Managing Director of GARBE Industrial Real Estate
5 Questions Put to Our Expert
Demand for logistics facilities in Europe exceeds supply, and significantly so. We asked Jan Philipp Daun, the Managing Director of GARBE Industrial Real Estate, about the background to this and talked to him about low vacancy rates, tight regulations, and the sizeable potential on the European logistics real estate market.
Demand for industrial and logistics real estate (I&L) in Europe outpaces the economic growth by a significant margin. How do you explain that?
There is no doubt that economic growth drives real estate market trends. But most relevant in the I&L sector are structural factors. These generate a robust demand that is largely autonomous from the general dynamic of the economy. These structural factors include, for one thing, the nascent nearshoring trend, meaning the development of manufacturing sites in neighbouring countries. On the other hand, European markets have a history of being notoriously undersupplied. We need to remember that the pan-European networks and the institutionalisation of the I&L asset class did not start until the early Zero Years, once the Schengen Agreement was ratified. Especially Central and Eastern Europe (CEE) as well as the southern European countries show an urgent need for I&L real estate. The trend is likely to persist in the future.
The European Market is Subject to Supply Constraints and Heavily Regulated. Challenge or Opportunity?

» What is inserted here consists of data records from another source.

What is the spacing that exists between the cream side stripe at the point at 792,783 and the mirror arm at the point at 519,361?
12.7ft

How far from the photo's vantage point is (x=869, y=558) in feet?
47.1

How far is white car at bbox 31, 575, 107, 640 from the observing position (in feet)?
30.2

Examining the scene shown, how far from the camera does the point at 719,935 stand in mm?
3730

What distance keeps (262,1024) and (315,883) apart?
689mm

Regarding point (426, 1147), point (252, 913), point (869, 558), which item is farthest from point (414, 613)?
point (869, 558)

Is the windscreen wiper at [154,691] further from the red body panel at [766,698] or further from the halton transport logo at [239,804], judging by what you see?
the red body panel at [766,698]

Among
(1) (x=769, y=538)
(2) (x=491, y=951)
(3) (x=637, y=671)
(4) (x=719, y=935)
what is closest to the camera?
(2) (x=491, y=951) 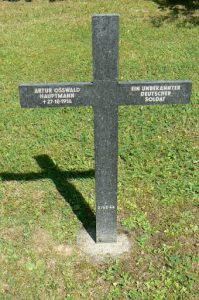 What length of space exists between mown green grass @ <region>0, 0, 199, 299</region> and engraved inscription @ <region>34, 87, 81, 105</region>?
1715mm

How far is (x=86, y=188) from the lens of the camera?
19.5 ft

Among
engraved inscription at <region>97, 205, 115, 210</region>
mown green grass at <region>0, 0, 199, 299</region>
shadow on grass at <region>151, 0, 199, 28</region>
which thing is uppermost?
shadow on grass at <region>151, 0, 199, 28</region>

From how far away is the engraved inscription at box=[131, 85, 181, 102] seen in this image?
4199 mm

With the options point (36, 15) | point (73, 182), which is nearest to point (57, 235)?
point (73, 182)

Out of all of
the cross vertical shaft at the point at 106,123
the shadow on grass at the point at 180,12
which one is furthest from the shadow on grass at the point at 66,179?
the shadow on grass at the point at 180,12

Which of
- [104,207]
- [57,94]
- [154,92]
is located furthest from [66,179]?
[154,92]

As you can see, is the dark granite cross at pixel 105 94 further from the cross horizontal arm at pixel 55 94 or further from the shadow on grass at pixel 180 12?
the shadow on grass at pixel 180 12

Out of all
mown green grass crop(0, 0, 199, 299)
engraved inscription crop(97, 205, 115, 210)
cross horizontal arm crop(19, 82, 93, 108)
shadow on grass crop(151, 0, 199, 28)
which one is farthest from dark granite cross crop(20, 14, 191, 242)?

The supply in available land has been drying up everywhere in Europe, most notably near major population centres. And whenever principal contractors do manage to buy a piece of land, they face complex regulatory processes in the next step. In the ten countries where GARBE is active, it takes more than 170 days on average to obtain a planning consent, according to the World Bank. For the sake of comparison: The average period in the United States is a mere 81 days. In other words, things move twice as fast there. This, of course, is increasingly becoming a problem for developers in Europe. At the same time, the limited land availability and the long-winded regulatory processes are causing supply bottlenecks which, in turn, are reflected in low vacancy rates and reduce the risk of oversupply.
From an investor’s point of view, what would encourage a commitment of the European logistics real estate market?

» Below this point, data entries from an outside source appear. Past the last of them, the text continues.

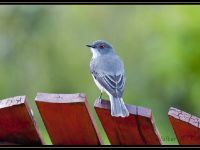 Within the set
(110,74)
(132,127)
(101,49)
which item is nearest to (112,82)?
(110,74)

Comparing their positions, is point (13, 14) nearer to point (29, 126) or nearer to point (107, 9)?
point (107, 9)

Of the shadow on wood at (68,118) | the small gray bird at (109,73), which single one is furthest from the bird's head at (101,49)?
the shadow on wood at (68,118)

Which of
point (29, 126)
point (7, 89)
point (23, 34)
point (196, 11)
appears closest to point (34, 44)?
point (23, 34)

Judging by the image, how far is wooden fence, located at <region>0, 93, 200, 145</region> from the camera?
2.69m

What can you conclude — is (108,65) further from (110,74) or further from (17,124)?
(17,124)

The European market is considered relatively low-risk compared to other major markets. This is illustrated by a look across the Atlantic: While roughly 84 percent of the completions in the United States were of speculative nature in 2023, the share of speculative structures out of the total construction volume was far lower in the leading European markets. It approximated 64 percent in Italy, for instance, and barely 40 percent in the Benelux countries and Germany. The lower percentage in speculative investments is attributable to a more safety-oriented culture in Europe, but also to the fact that a far greater number of projects in the European countries represent “built-to-suit” (BTS) developments than is the case elsewhere. The BTS approach implies bespoke developments. This means a given property is designed for the purposes of the incoming tenant. For the respective businesses, it is a very attractive approach because the property will meet all of their requirements, some of which can be rather unique. What makes the BTS approach a winning proposition for investors is the combination of low risk with comparatively high returns.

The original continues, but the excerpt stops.